Chaque passant était confronté au choix de comportement que connaissent bien les usagers des transports en commun dans cette situation : je m'arrête pour écouter ? je hâte le pas avec un mélange d'irritation et de culpabilité, conscient de ma pingrerie, mais contrarié que l'on m'impose une distraction que je ne recherche pas ? je jette une pièce, juste pour la politesse ? si il est mauvais, je remets la pièce dans ma poche ? et si il est bon ? mon emploi du temps m'autorise-t-il une pause au nom de l'émotion artistique ? après tout pourquoi pas ?
Mais ce matin-là, les réponses à toutes ces interrogations personnelles banales et presque quotidiennes, sont biaisées. Personne ne le sait encore, mais le violoniste adossé au mur d'un recoin de l'immense hall, à la sortie des escalators, est l'un des meilleurs musiciens au monde, interprétant des morceaux renommés pour leur grande beauté, sur un instrument d'une valeur inestimable, un Stradivarius. Il s'agit d'une mise en scène imaginée par le Washington Post, pour mesurer en situation réelle, l'impact d'un environnement ordinaire et peu adapté, sur notre sensibilité au Beau.

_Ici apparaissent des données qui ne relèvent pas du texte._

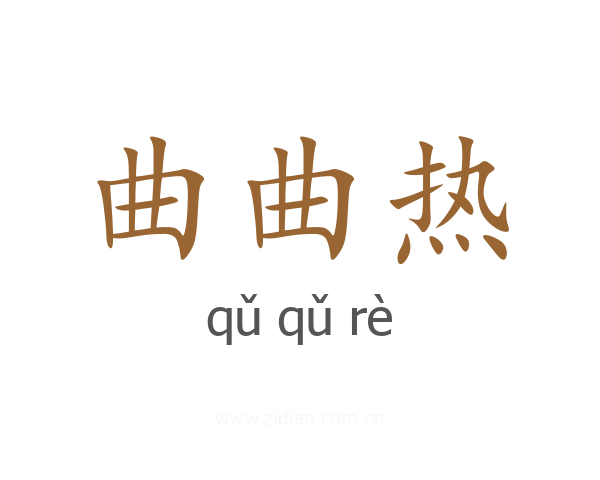 曲曲热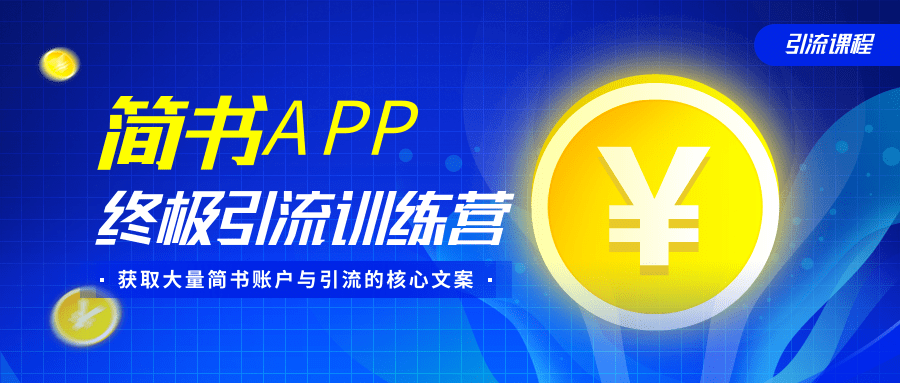 简书APP终极引流训练营，获取大量简书账户与引流的核心文案（共4节视频）-项目资源库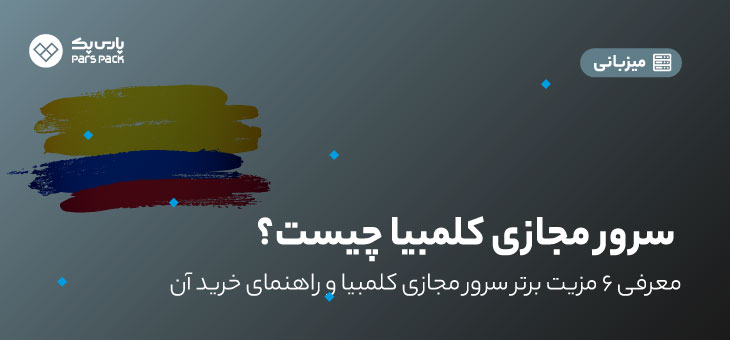 سرور مجازی کلمبیا چیست؟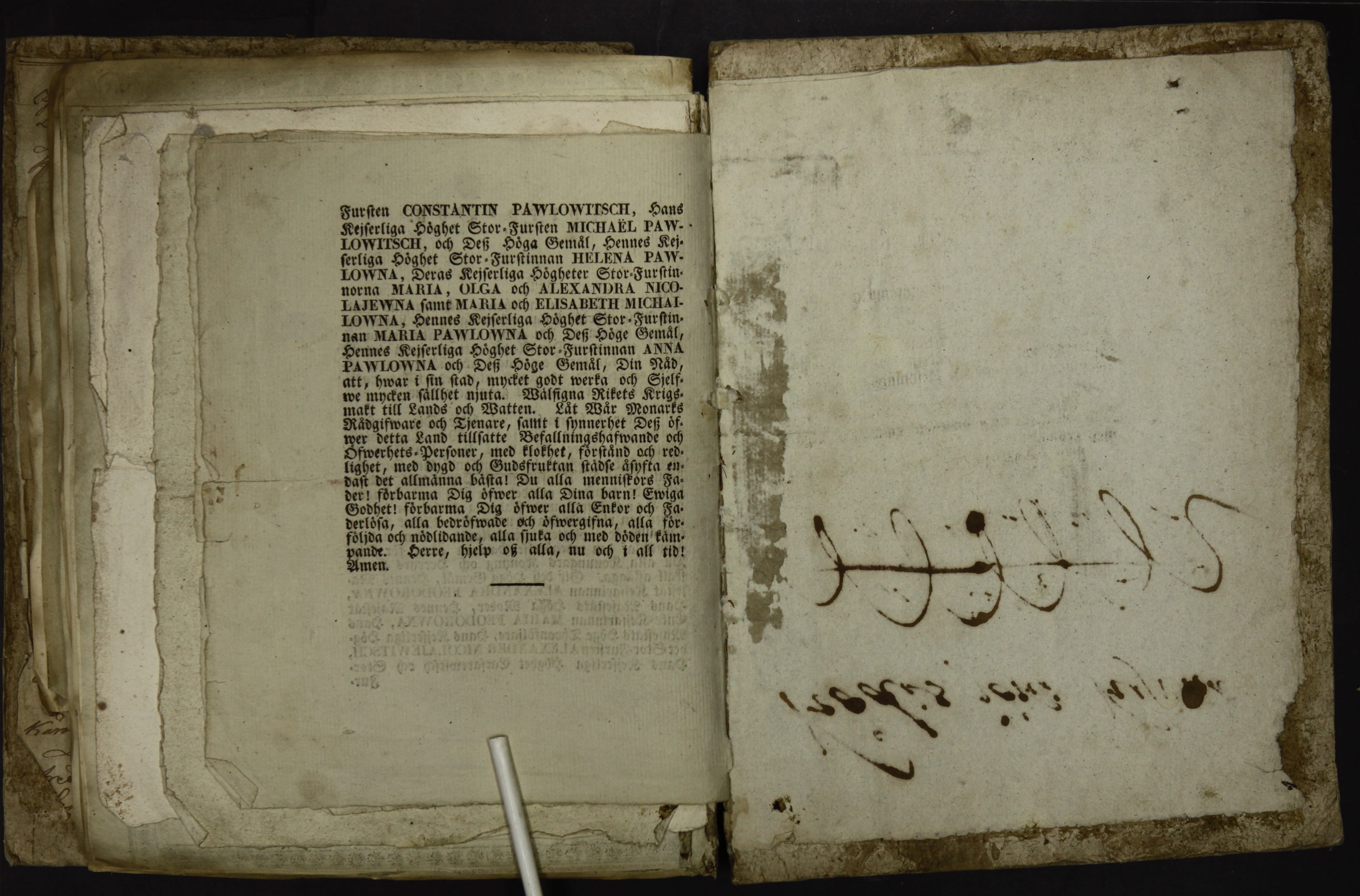[ kuvat/130.jpg ]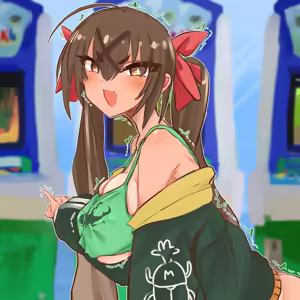 Page 209 of 四明両京 - preview thumbnail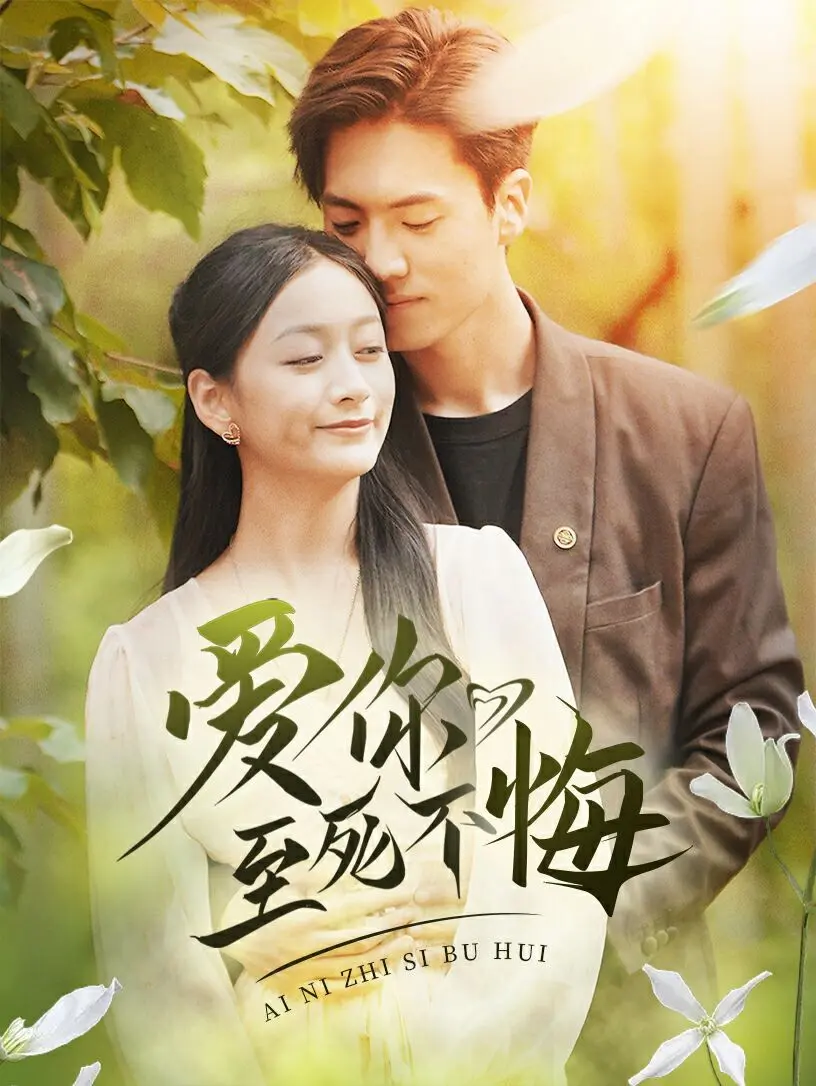 《爱你至死不悔》：一段跨越生死的爱恋，豪门恩怨中的真情抉择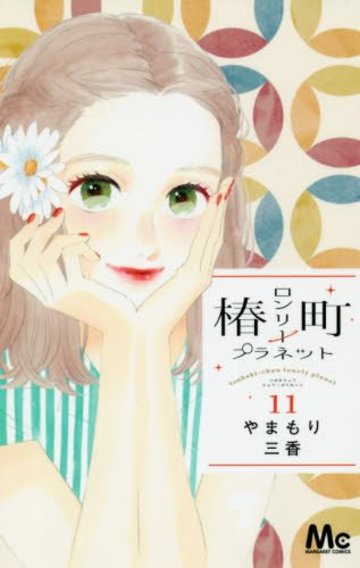 椿町ロンリープラネット 11 (マーガレットコミックス)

Le musicien n'a pas interprété des thèmes populaires et archi connus. Il a joué des chef d'œuvres classiques qui ont traversé les siècles pour leur pur éclat, des musiques faites pour résonner dans les nefs des cathédrales et les salles de concert symphonique. L'acoustique était étonnamment favorable. L'architecture utilitaire de la galerie, servant de passage entre le métro et l'extérieur, s'appropriait le son et le renvoyait, ample et brillant, sans aucune perte d'harmonies. On dit que le violon est un instrument extrêmement proche de la voix humaine. Sous l'archet de cet immense musicien, l'instrument sanglotait, riait et chantait, lyrique. Il se faisant à volonté charmeur, irritable, joueur, tragique, solennel, généreux.